There is a question that comes up in my mind after I watched Prof. Gilbert Strang's lectures. He was saying:
For any matrix $A$, Since $A = LU$, $\det(A) = \det(LU)$ and $\det(L) = 1$, hence $\det(A) = \det(U)$, furthermore, $\det(U) = \det(D)$ when $U$ is the upper triangular and $D$ is the diagonal.
Then do I get the conclusion that $\det(A) = \det(D)$???
However, I don't think this is the case, to the least, not true in 2-D, as we all know what is the formula of determinant of a 2-D matrix.

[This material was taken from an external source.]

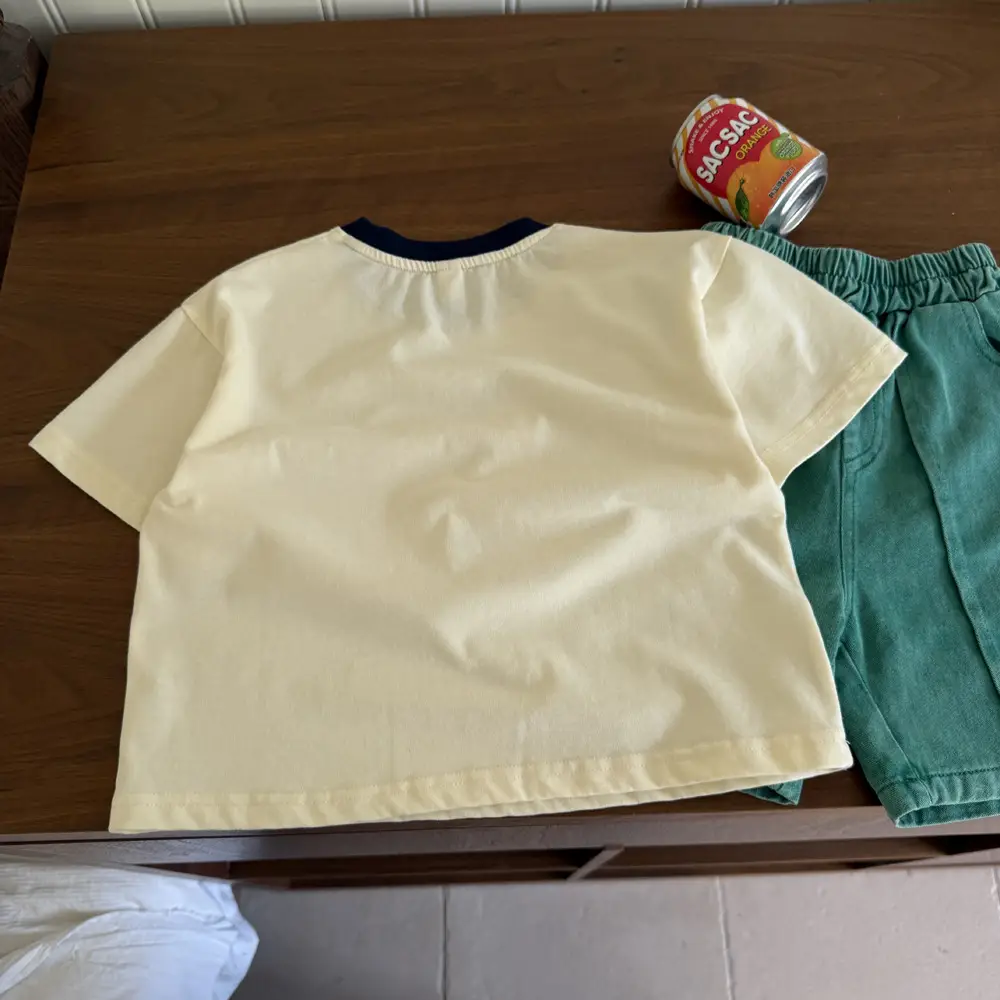 Boys Cotton Cartoon T-Shirt with Green Shorts — feature 7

Am I missing something here? Thanks!
Best Answer
One remark first, the determinant is defined for square matrices, not for vectors. Maybe the problem here is you view $D$ as a vector, whereas what is meant is "the square matrix with the same diagonal as $U$ and zeros everywhere else".

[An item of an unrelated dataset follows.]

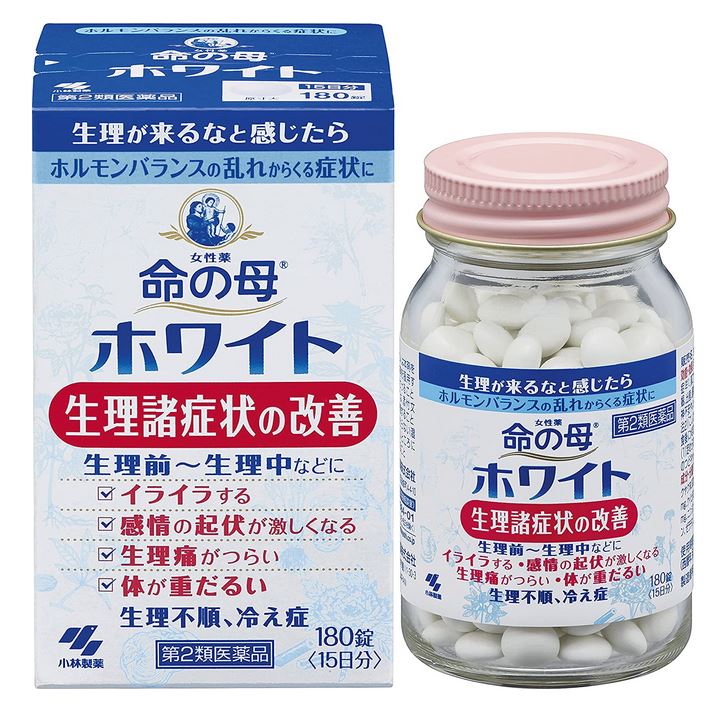 女性用　命の母ホワイト 生理の不調を改善し女性の体を正しい状態にする医薬品 ＜命の母ホワイトの特長＞ 1）昔から女性のために用いられてきた11種類の生薬を飲みやすい錠剤に仕上げてあります。 2）血行を促し体を温めてホルモンや自律神経のアンバランスによっておこる様様な生理の不調症状を改善し、女性の体を正しい状態に近づけます。 ＜命の母ホワイトの効能・効果＞ 月経痛、月経不順、ヒステリー、腰痛、頭痛、貧血、冷え症、血の道症、肩こり、めまい、動悸、こしけ ＜成分・分量＞1日量12錠中 トウキ末 300mg シャクヤク末 300mg ソウジュツ末 200mg ケイヒ末 200mg ダイオウ末 200mg ニンジン 50mg センキュウ末 200mg ブクリョウ末 200mg タクシャ末 150mg ボタンピ末 200mg トウニン 100mg ※添加物として、ケイ酸Al、タルク、炭酸Ca、酸化チタン、ゼラチン、アラビアゴム白糖、 　ミツロウ、カルナウバロウを含有する。 ＜命の母ホワイトの服用量＞ 1回4錠、1日3回、毎食後服用すること （15歳未満の服用はしないで下さい。） 【保管及び取扱い上の注意】 (1)直射日光のあたらない、湿気の少ない涼しいところに密栓して保管すること (2)小児の手の届かないところに保管すること (3)他の容器に入れ替えないこと(誤用の原因になったり、品質がかわる) (4)容器内の乾燥剤は服用しないこと 名　称 命の母ホワイト 内容量 180錠 賞味期限 1年未満の商品は販売いたしません。 保存方法 直射日光を避け、湿気の少ない涼しい所に保存してください。 広告文責 有限会社　横川ヤマト TEL 082-295-1732 登録販売者 山田　秀文 メーカー 小林製薬 相談窓口 06-6203-3625 製造国・区分 日本・第2類医薬品 JANコード 4987072073971【医薬品】 あなたのお悩みを症状で探す更年期でお悩みの方アレルギー性鼻炎の方残尿感でお困りの方お休み時の激しいせきにアレルギー体質の方痔でお悩みの方胃腸障害でお悩みの方頭痛めまいでお悩みの方疲れやすい方に蓄膿症でお困りの方乳腺炎でお悩みの方不眠症でお悩みの方血圧が高めの方頑固な便秘でお困りの方神経痛・関節痛に排尿痛でお困りの方ストレスでお悩みの方むくみでお悩みの方月経不順の方眼精疾患でお悩みの方肝臓疾患でお悩みの方中耳炎でお困りの方歯槽膿漏でお悩みの方腎臓疾患でお悩みの方手足のしびれお悩みの方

The LU decomposition yields a lower triangular matrix $L$ and an upper triangular matrix $U$ with
$$A=LU$$
The the determinant of a product is always the product of the determinants, it's perfectly safe to write
$$\det A=\det L \det U$$
Now, the determinant of a triangular matrix is the product of it's diagonal elements, and $L$ has only ones in its diagonal, whereas the diagonal of $U$ may be called $D$, and
$$\det A=\det D$$
For example, with $A=\left(\begin{matrix} 1 & 0 & 1 \\ 2 & 1 & 0 \\ 1 & 2 & 2 \\ \end{matrix}\right)$, you get the factorization
$$A=\left(\begin{matrix} 1 & 0 & 0 \\ 2 & 1 & 0 \\ 1 & 2 & 1 \\ \end{matrix}\right)\cdot\left(\begin{matrix} 1 & 0 & 1 \\ 0 & 1 & -2 \\ 0 & 0 & 5 \\ \end{matrix}\right)$$
And of course
$$\det \left(\begin{matrix} 1 & 0 & 0 \\ 2 & 1 & 0 \\ 1 & 2 & 1 \\ \end{matrix}\right)=\det \left(\begin{matrix} 1 & 0 & 0 \\ 0 & 1 & 0 \\ 0 & 0 & 1 \\ \end{matrix}\right)=1$$
$$\det \left(\begin{matrix} 1 & 0 & 1 \\ 0 & 1 & -2 \\ 0 & 0 & 5 \\ \end{matrix}\right)=\det \left(\begin{matrix} 1 & 0 & 0 \\ 0 & 1 & 0 \\ 0 & 0 & 5 \\ \end{matrix}\right)=5$$
Hence $\det A=5$.
There is another $LU$ factorization, with ones in the diagonal of $U$ instead of $L$, but of course that does not change the answer, if $D$ is the diagonal of $L$.
There may be another concern: often, the $LU$ decomposition is written
$$PA=LU$$
Where $P$ is a permutation matrix. If happens when pivoting is used in de $LU$ decomposition.
Then $\det P \det A=\det L\det U$, but $\det P=\pm1$, since a permutation matrix is always orthogonal. Thus you must be careful with the sign of $\det A$. And $\det P$ is simply the sign of the permutation on which $P$ is based.